RAG stands for Retrieval-Augmented Generation. Instead of letting an AI model answer from its training data alone, you first retrieve relevant information from a knowledge base, then feed that context to the model so it can generate a grounded answer with citations.

How does semantic search differ from keyword search?

Keyword search matches exact words. Semantic search matches meaning. If you search for 'ruby,' it can return results about 'red' because it understands the concepts are related. It does this by comparing vector embeddings rather than matching text strings.

What is an embedding model?

An embedding model converts text into a list of numbers (a vector) that represents its meaning in a multi-dimensional space. Similar concepts end up close together in that space, so you can measure how related two pieces of text are by comparing their vectors.

My First RAG Solution: Semantic Search Blew My Mind

My First RAG Solution

What I just built

I just finished my first RAG solution. RAG, as in Retrieval-Augmented Generation. I know the rabbit hole goes deep with this stuff, but getting the first version working? Way smoother than I expected. Some of the ideas behind it genuinely caught me off guard.

The problem with keyword search

Regular search is keyword-based. You type “ruby” and it scans for the exact word “ruby.” If that string isn’t in the document, you get nothing.

Semantic search is different. You search “ruby” and it might return stuff about “red,” because ruby and red are conceptually close. You search “dog” and there’s no dog in your database, but it gives you “cat,” because both are animals and the meaning overlaps.

You’re matching meaning, not words. That’s the whole shift.

Why this matters for chatbots

This gives chatbots a serious upgrade. Without RAG, a chatbot answers from whatever it picked up during training. That knowledge is broad, it’s frozen in time, and it’s not always right. The model might confidently give you garbage, or worse, say “I don’t know” when the answer is sitting right there in your data.

With RAG, the model first pulls relevant context from a knowledge base you control. Then it answers from that context. Two things happen: the model can look through way more information than its context window allows, and you can actually cite sources. You know where the answer came from. Not just “the AI said so.”

The part that got me: embeddings

This is where I got interested. Before this project, I had no idea what embedding models were. Now I keep thinking about them.

Imagine a graph. X-axis is how tall you are. Y-axis is how old you are. Plot any person as a single point. That point already tells you something real.

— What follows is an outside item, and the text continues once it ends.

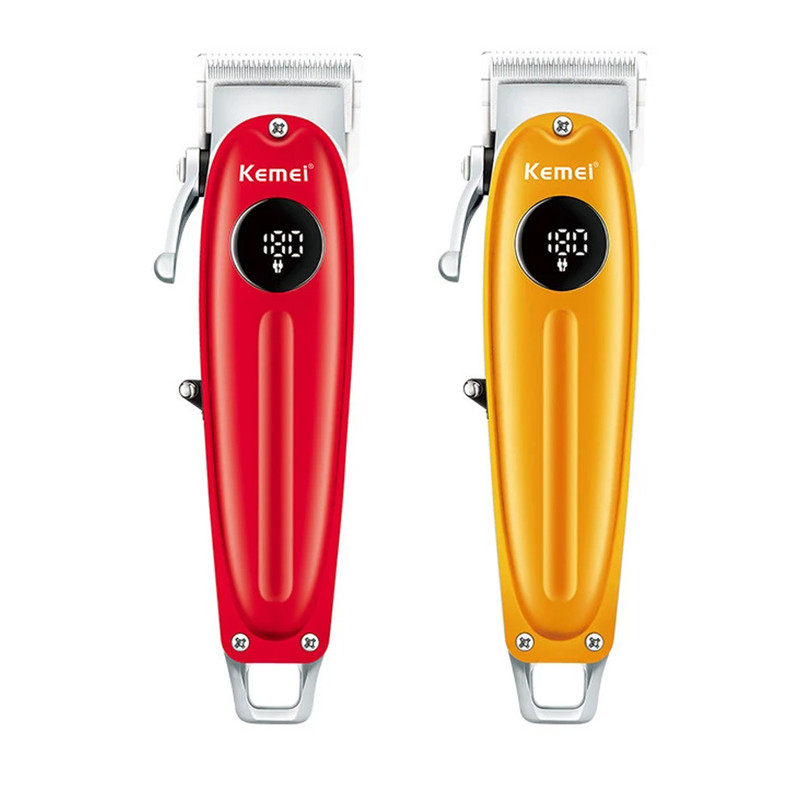 ماشین اصلاح موی سر و صورت کیمی مدل KM-1955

Now keep going. Add another axis for how funny they are. Another for how much they earn. Another for how much they like spicy food. Keep adding until you have thousands of axes. Each person still lands at one specific point in this massive space. That point says a lot about who they are.

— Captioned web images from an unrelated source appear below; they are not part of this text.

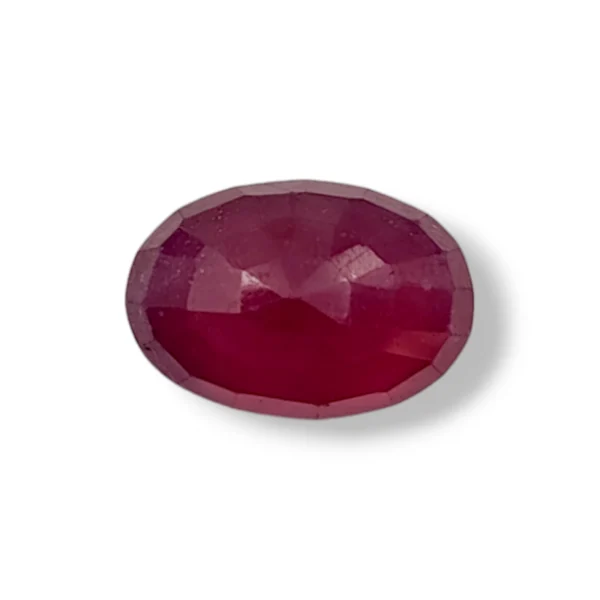 Natural Ruby (Manik)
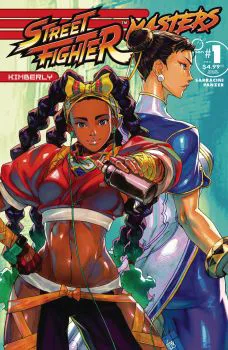 Cover of Cover D David Liu Incentive Variant (1:5)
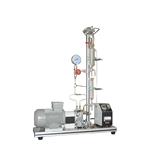 柴油喷嘴法含聚合物油剪切安定性测试仪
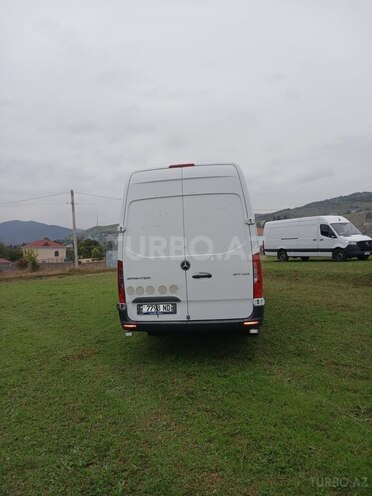 Mercedes Sprinter 313 2022, 250,000 km - 2.2 л - Bakı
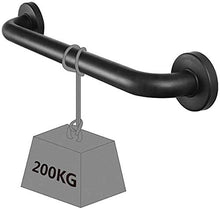 Maniglioni da Bagno Bagno Doccia corrimano Maniglia Vasca da Bagno di Sicurezza in Acciaio Inox Antiscivolo Forte Vecchio Bambini Incinta Donne disabili Accessori da Bagno (Size : 30cm)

That’s what an embedding model does with text. It turns a piece of text into a list of numbers. Think of them as coordinates. Texts with similar meaning end up near each other in that space.

So when someone asks a question, you embed the question the same way, then look for the closest stored points. The distance tells you how similar the meanings are. You don’t need to parse or understand the content during the search itself. The embedding already handled that part.

How it actually works

The basic flow:

Break your documents into chunks
Embed each chunk
Store those embeddings in a vector database
When a user asks something, embed their question too
Compare the question’s embedding to all the stored ones
Pull the closest matches and hand them to the AI as context
The AI generates an answer from that retrieved information

The part I really like: you only embed your documents once. After that, the embeddings just sit in the vector database. No reprocessing unless your data changes.

Where I’m at

I expanded a lot of what I know about knowledge retrieval from this project. Embeddings, vector databases, how semantic similarity actually works. These ideas clicked in a way that reading articles about them never managed.

I’m still early in this space. But I understand enough now to see why everyone’s building with RAG. You get answers grounded in your own data, with sources you can trace back. That’s a big deal compared to trusting whatever the model picked up during training.

Before this project, “embedding” was just a word I’d skimmed past in AI blog posts. Now it’s the thing I keep coming back to. Usually a good sign.